Commentary: Good policies, poor implementers

Projects and policies majorly fail because they are poorly thought out or implementers fail them.

Projects and policies majorly fail because they are poorly thought out or implementers fail them.

The good people and government of Norway designed and funded the Lake Turkana fish processing plant in 1971, with the objective of providing jobs, nutrition and incomes to Turkana nomads through fishing and fish processing for export.

The cattle keeping Turkana do not fish and their culture frowned at eating fish. The $22 million processing plant was commissioned, operated for a couple of days and then was shut down because it was costly to operate the freezers in the factory and get clean water in the arid region.

It remains a reminder of how costly projects and policies not thought through can be.

Colonial France in 1932 in a rare show of commitment to its colonial Africa decided to grow cotton and rice and develop hydropower by irrigating 2.47 million acres in the Malian desert of course to feed their textile industry. 

Over 30,000 people were forced to move to the desert to work on the project. Malians ignored the coloniser’s attempts to change their age-tested agricultural practices.

Only 6 percent of the region was developed and the infrastructure in a state of decay by 1982 with more than $300 million committed over the more than fifty years.

Two weeks ago a form five pupil from one primary school in Kacyiru went home and wanted help with his home work.

The problem was that he did not have the full “assignment”, the Teacher had told the pupils to go to another school where he teaches and copy the questions on the blackboard and as fate would have it, someone had rubbed off part of the questions.

The Teacher either out of sheer laziness or lack of professionalism sent his young pupils to walk to a different school and copy the questions but parents instead blamed the issue on the Nine Year Basic Education program for poor teaching.

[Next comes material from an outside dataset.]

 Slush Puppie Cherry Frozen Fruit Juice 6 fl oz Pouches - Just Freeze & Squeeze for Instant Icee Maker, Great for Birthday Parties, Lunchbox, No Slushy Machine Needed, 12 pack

“The Teacher teaches in many schools and he gets tired,” one of them retorted.  Have implementers of the program made effort to explain it to the people of Rwanda and is there follow-up to ensure it is not abused?

Are there school inspectors and do they do their work? Do they monitor what is taught and how it is taught? Is there a monitoring mechanism to ensure the program is implemented according to plan? 

Many nasty practices are attributed to the program; there is need to follow up on its implementation to ensure its success. 

The government started the “land consolidation” program with a view to helping farmers to grow crops that are favourable in a particular area, increase production and productivity through access to agricultural extension services and benefit from economies of scale in marketing and inputs acquisition.

Research was conducted on which locality favoured which crop and farmers were advised to sow certain crops that grew well in their localities.

Unfortunately many implementers did not take time to explain to the farmers what the program was all about. They simply said the, “the government has said that you plant maize….”, for example. 

The implementers of the program told people to plant the recommended crop and in many localities farmers were told to uproot the existing crops and plant new ones. 

In parts of the Northern Province, farmers who did not move fast, had their banana plantains cut by people hired for the job and were told to plant the recommended crop. The implementers simply told the farmers that it was the government’s policy!

Farmers whose livelihood depended on their crops could not understand why the government wanted them to starve by cutting their food crops.

Subsistence farmers in Rwanda in parts of Africa grow different crops for different reasons; cash crops like tea and coffee for money that sustains the family and food crops to feed the family.

Vegetables and legumes which grow in a short term serve the family during the long periods, tubers and stored food from the previous season are scarce for example after 40 days after planting, leaves of some legumes make a sauce.

Telling farmers to plant one crop, particularly if it is a cash crop like tea or pineapples, without alternative sources of subsistence and the banning of cultivation of other crops is bound to generate opposition from them.

Demonstrating to farmers the benefits of growing a particular crop on one half of their land acreage while using the second half for their subsistence would make them appreciate the program better.

When farmers “consolidate” their land, production is bound to increase and the forces of demand and supply will be at play that is to say that with more supply the prices will fall.

With a bumper harvest, produce buyers are likely to buy it a low price during the harvest period and store it or export it at higher prices.

The implementers need to put in place measures to cushion farmers from price fluctuation.  Marketing strategies, storage and value addition should be included in the program else when farmers sell their produce at prices that do not cover the cost of production the program may fail.

The New Times on Wednesday last week reported that the Agriculture Minister advised farmers to always be careful when selling harvests if they are to avoid being cheated. 

It was reported that the Ministry of Agriculture plans to build a maize store in Nyagatare district “to facilitate farmers’ storage needs”.

This is most welcome. The Minister was reported to have said, “We ask farmers not to sell maize below the price (Rwf 120 per kg) and the government has already accepted to buy for [sic] them”.

Policies and program initiators need to take into account the ideas of locals and continually monitor and evaluate their implementation lest they become abused and turn into channels of inefficiency or white elephants like the examples cited earlier.